Emergency funds. Safety funds. Cash on hand. Whatever name you call it, we settle our financial affairs in cash.
I’ve stated emergency funds are the center piece of having your financial life together. It’s there in case things go wrong or something major breaks and needs replacement. It’s there to prevent you from going into debt to pay for something that needs immediate replacing.
Whatever your emergency fund is designed for, be sure to include a little extra on top to handle routine maintenance on your home.
Maintenance is just an inherent part of owning something. If you have a home, having part of your emergency fund dedicated to maintenance costs can go along in preventing something from a real emergency.
The maintenance cost of maintaining it year and year out can be a few thousand dollars. So, on top of your emergency fund, set aside some extra to handle these expenses.
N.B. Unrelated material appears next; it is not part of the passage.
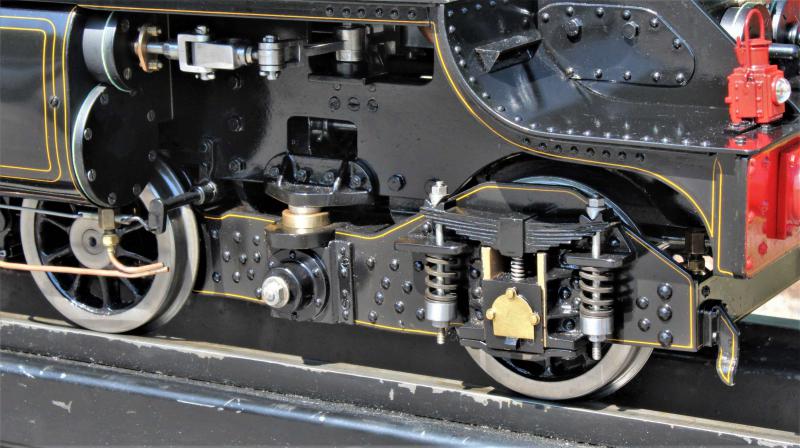 5 inch gauge GWR 4-6-0 No.6009 "King Charles II"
Some expenses may be that need to paint your home, put up a new fence, repair your outdoor sprinkling system, cleaning your rain gutters, pressure washing your drive way, re-seeding or revitalizing your lawn, busted water pipes, insulation checkups, terminate prevention, garage repairs, roof replacement, etc. Makes you want to own your home now huh?
Make no mistake. These costs are real and are necessary, especially if you stay in the home for a long period of time. You don’t have to do them all at once, but putting cash into the maintenance of your home year in and year out prevents major things down the line and keeps your home looking good.
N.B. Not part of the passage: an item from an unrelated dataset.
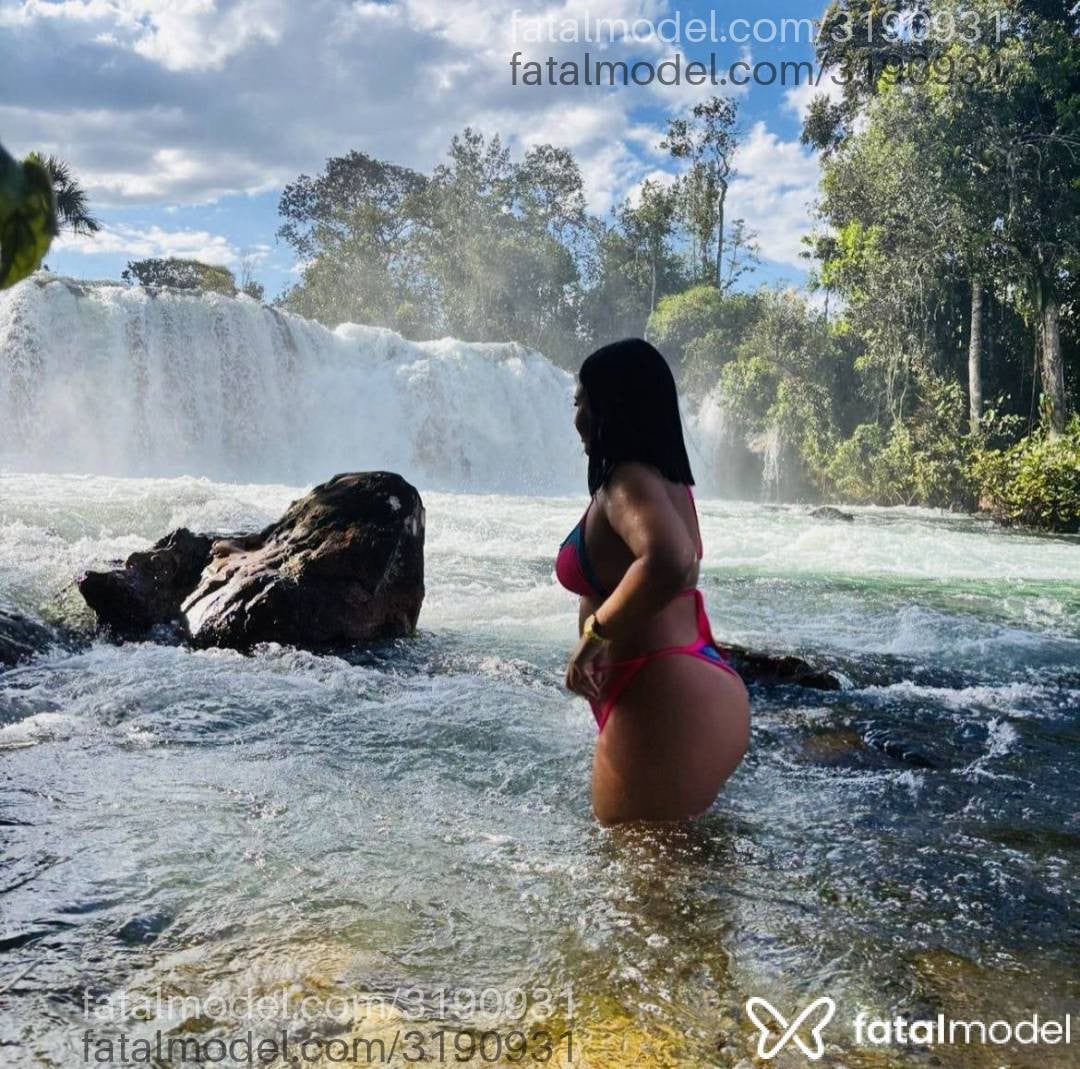 Acompanhante mulher morena (o) de olhos castanhos - Leticia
But how much should you set a side? I prefer to use the 1% rule. This rule states that 1% of your purchase price is set aside to handle maintenance needs. For example, if your home costs $200,000, you want to set aside $2,000 for maintenance. It’s just a starting point. You may need more, you may need less. Depending on how big your home is and how much activity goes on it, you may want to do 3% (or $6,000 on a $200,000 home).
You may not need such a fund if your home is brand new. But the older it gets, the more likely you’ll need the cash on hand to handle maintenance needs.
You know you need to maintain to keep it operating so set aside additional cash for it on top of your regular emergency fund. This way, if you need to take care of a major repair in your home and you happen to lose your job at the same time, you have funds to cover it (or a portion of it) until things turn positive.